In ExecuTorch today, models with multiple methods (e.g. prefill and decode) are exported as separate graphs. When lowering to a specific backend, each graph is lowered in isolation, without awareness or context of other graphs being lowered to the same backend. The problem arises when these separate graphs have shared components. In the case of a llama model with prefill and decode, linear layers in each method share the same weights and biases. Since the graphs of prefill and decode are lowered separately, shared weights and biases are copied and serialized twice in each backend payload.
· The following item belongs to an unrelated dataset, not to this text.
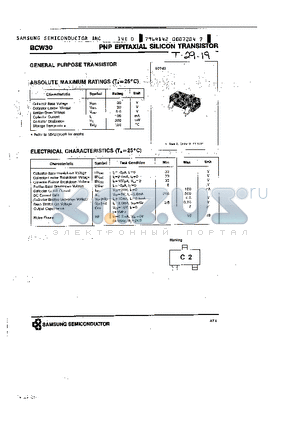 BCW30 datasheet - PNP EPITAXIAL SILICON TRANSISTOR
This results in model bloat from duplicated weights, which is a limiting factor when bringing models to production, especially on memory-constrained devices.

Requirements

The user flow for lowering and executing models should not change
Backwards Compatible
Opt-in by delegates (Delegates should see no change if they don’t implement this new feature)
- Design Components introduced are reusable and extendable to program-data separation ([RFC][2/3] Data Separation in ExecuTorch #8184)
Changes to the delegate APIs by the introduction of weight sharing should be reusable by program-data separation
Core metrics like Model Load Time, Inference Latency, and Binary Size should not be significantly affected
No C++ std library dependencies are introduced to ExecuTorch in this change

Goals

Provide AoT API for backends to identify the shared components across the graphs to be lowered
All the graphs to be lowered by a given backend (across partitions and methods) will be accessible to the backend before serializing the first payload
Backends can identify shared data across graphs and serialize this separately from the lowered payloads (reduce copying across lowered payloads)
- Read-only shared data is accessible by the backend when initializing the lowered payloads
- Shared data will be loaded on request by backends
- Shared data is freeable by backends after its use

Non-Goals

While we wish to reuse design components for program-data separation, this feature will not implement program-data separation and leveraging weight sharing does not imply usage of program-data separation
Loaded shared data is not cached by the ExecuTorch runtime, meaning each request to load shared data at runtime allocates new memory for the shared data.
This does not attempt to enable sharing of weights across different backends.

Design

We propose new ahead-of-time APIs that provide backends with all the graphs across partitions and methods to be lowered. This enables backends to identify the shared components across these graphs. Additionally, we provide a blob storage service to backends to serialize data that is shared across graphs. At runtime, backends can retrieve the shared data for any further initialization. The design details are fleshed out in the Blob Storage Service here: (#8187). See sections ‘AoT: Preprocess’ and “Runtime: NamedDataMap’.

cc. @lucylq @cccclai